[Source records]
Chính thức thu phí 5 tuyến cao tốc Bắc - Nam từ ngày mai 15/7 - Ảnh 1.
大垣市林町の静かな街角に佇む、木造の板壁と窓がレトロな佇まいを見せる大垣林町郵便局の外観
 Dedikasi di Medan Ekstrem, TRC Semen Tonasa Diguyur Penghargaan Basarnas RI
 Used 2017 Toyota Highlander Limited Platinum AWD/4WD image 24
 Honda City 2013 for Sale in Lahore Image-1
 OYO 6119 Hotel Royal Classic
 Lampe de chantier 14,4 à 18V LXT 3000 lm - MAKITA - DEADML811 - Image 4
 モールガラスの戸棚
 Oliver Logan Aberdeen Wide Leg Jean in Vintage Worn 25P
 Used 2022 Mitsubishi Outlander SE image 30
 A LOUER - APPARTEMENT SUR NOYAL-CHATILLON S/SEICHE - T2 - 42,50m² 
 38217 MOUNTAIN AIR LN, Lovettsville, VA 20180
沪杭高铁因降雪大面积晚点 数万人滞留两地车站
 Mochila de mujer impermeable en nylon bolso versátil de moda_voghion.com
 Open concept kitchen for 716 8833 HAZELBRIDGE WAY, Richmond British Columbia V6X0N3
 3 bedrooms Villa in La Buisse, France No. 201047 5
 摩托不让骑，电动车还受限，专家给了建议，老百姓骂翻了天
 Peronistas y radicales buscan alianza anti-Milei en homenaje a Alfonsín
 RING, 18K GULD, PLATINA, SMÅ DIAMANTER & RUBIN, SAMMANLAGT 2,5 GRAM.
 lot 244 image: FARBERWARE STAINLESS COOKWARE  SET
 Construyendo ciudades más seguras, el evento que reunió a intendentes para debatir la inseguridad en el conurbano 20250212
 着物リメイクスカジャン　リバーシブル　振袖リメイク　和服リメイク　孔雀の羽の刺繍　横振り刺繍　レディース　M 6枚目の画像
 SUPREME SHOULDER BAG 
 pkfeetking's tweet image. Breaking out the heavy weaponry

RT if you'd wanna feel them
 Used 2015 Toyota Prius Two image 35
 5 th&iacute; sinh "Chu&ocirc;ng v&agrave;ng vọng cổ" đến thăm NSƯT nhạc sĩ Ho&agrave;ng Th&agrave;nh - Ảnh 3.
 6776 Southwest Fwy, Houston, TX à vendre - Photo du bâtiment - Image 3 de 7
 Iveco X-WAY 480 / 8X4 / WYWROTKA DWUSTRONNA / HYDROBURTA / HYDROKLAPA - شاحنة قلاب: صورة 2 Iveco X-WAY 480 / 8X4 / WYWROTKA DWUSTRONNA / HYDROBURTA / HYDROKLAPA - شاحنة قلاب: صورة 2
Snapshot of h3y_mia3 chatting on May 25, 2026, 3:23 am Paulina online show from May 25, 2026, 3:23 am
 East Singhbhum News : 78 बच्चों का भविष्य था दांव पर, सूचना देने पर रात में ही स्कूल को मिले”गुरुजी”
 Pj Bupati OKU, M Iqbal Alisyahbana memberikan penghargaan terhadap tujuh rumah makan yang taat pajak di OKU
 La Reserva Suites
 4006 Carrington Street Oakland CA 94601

Problem statement:
Transcribe the records above exactly, beginning at the line that contains "Oliver Logan Aberdeen" and ending with the line that contains "Mochila de mujer", both included, and nothing else.

Answer for this exercise:
 Oliver Logan Aberdeen Wide Leg Jean in Vintage Worn 25P
 Used 2022 Mitsubishi Outlander SE image 30
 A LOUER - APPARTEMENT SUR NOYAL-CHATILLON S/SEICHE - T2 - 42,50m² 
 38217 MOUNTAIN AIR LN, Lovettsville, VA 20180
沪杭高铁因降雪大面积晚点 数万人滞留两地车站
 Mochila de mujer impermeable en nylon bolso versátil de moda_voghion.com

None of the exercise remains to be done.